[[ RECORDS FOR THE TASK, beginning ]]

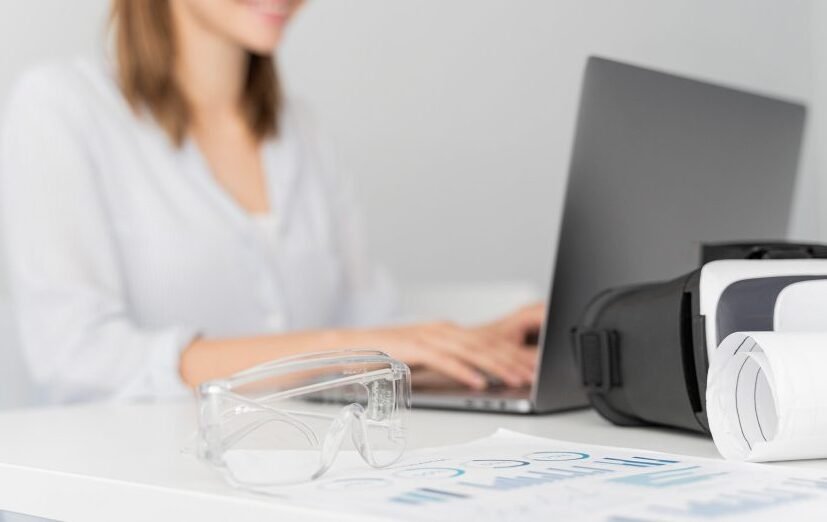 Womam using a laptop to check Anvisa AFE consultantion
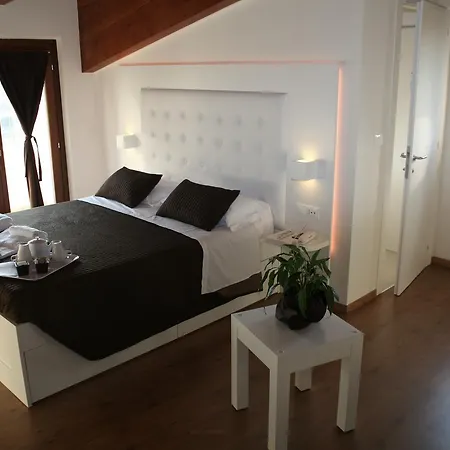 Boutique E Citta Bianca بيسكارا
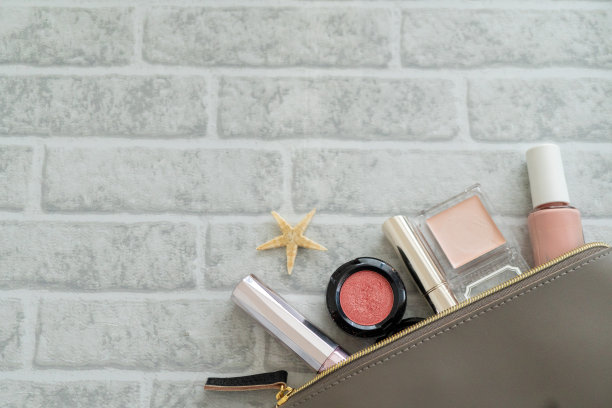 化妆化妆包在瓷砖背景上图片下载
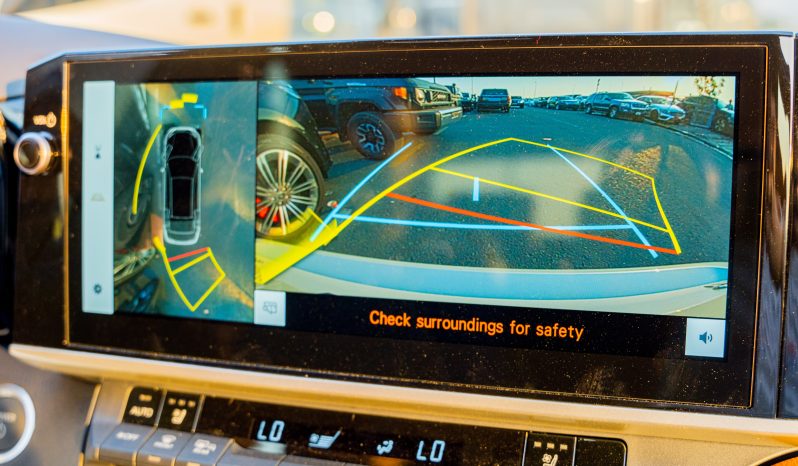 
2025 Toyota Camry Lumiere 2.5L HEV Full option (White) full									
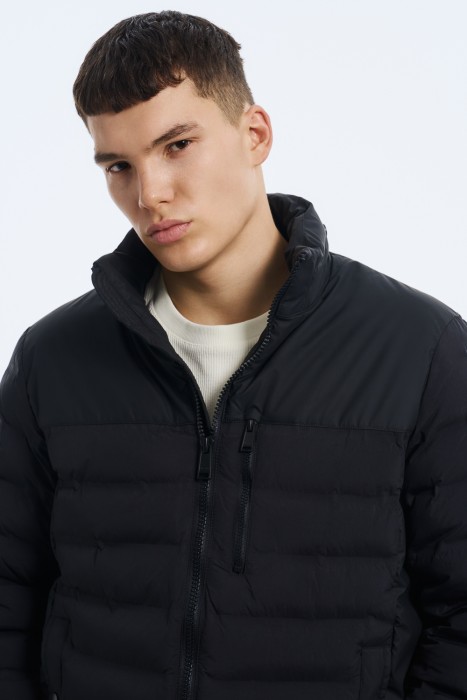 утепленная куртка из россии вид сбоку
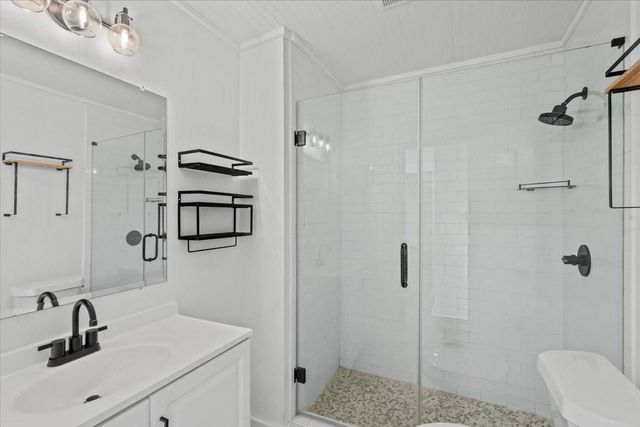 4501 E 38th Street, Dickinson, TX 77539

[[ RECORDS FOR THE TASK, end ]]

WHAT YOU SHOULD DO: Print the records again exactly, pictures excluded.

RESULT:
 Womam using a laptop to check Anvisa AFE consultantion
 Boutique E Citta Bianca بيسكارا
 化妆化妆包在瓷砖背景上图片下载
2025 Toyota Camry Lumiere 2.5L HEV Full option (White) full									
 утепленная куртка из россии вид сбоку
 4501 E 38th Street, Dickinson, TX 77539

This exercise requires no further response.